- [What to do]:
Among the entries below, only the lines from the one with "The Rolling Stones" through the one with "BMW X2 sDrive18d Msport (3)" are to be retyped, exactly and without pictures.

--- START ---

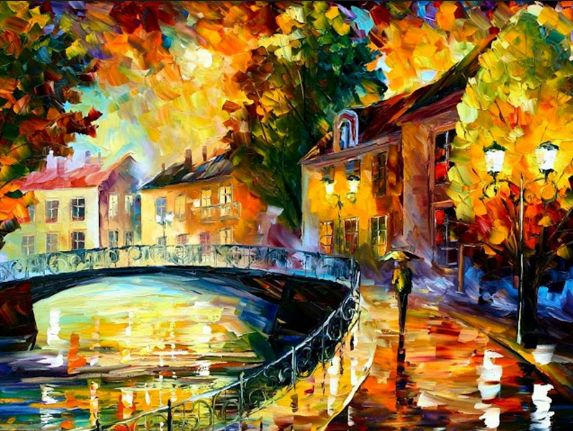 amazing art abstract painting
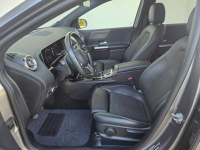 Mercedes B 200 163kM * Full LED * navi * kamera * el klapa * EUROPA Raba Niżna - zdjęcie 8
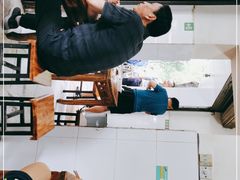 大堂-温记府廟豆汤饭·始于1955年(海椒店)
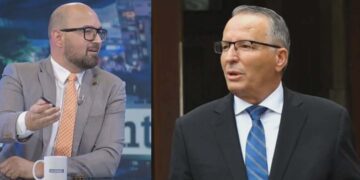 Analisti Zeqaj: Një komunë e humbur dhe tri dështime, Hamza duhet të jap dorëheqje nga kryetari i PDK-së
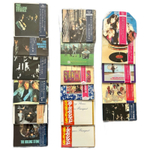 The Rolling Stones / Greatest Albums In The Sixties (17 Mini LP SHM CD+DVD)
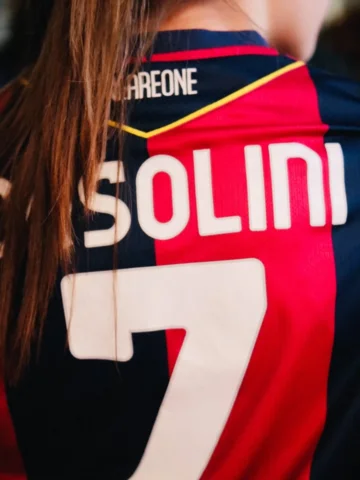 Il mio legame con Bologna è indissolubile, come ben sapete.
Proprio per questo, 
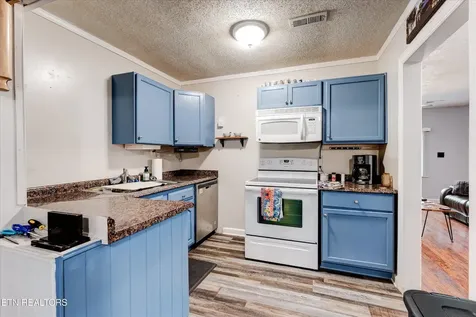 512 Akers Street Maryville TN 37804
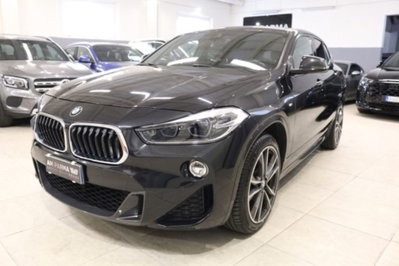 BMW X2 sDrive18d Msport (3)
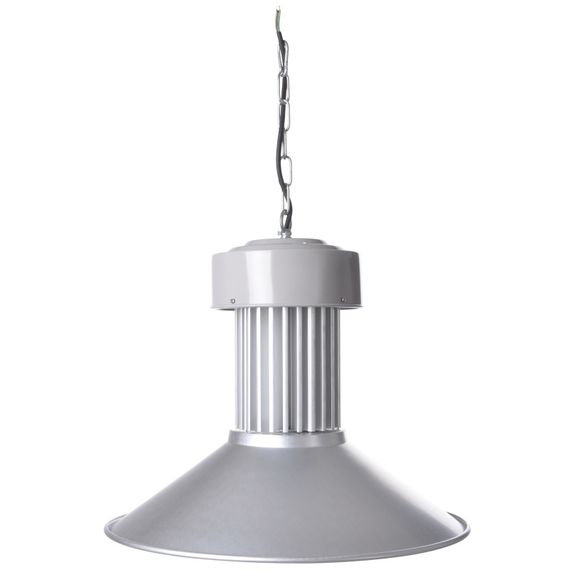 Светильник LED колокол HL-601/100W J-7051 CW COB | Зображення 4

--- END ---

- [Output for this exercise]:
 The Rolling Stones / Greatest Albums In The Sixties (17 Mini LP SHM CD+DVD)
 Il mio legame con Bologna è indissolubile, come ben sapete.
Proprio per questo, 
 512 Akers Street Maryville TN 37804
 BMW X2 sDrive18d Msport (3)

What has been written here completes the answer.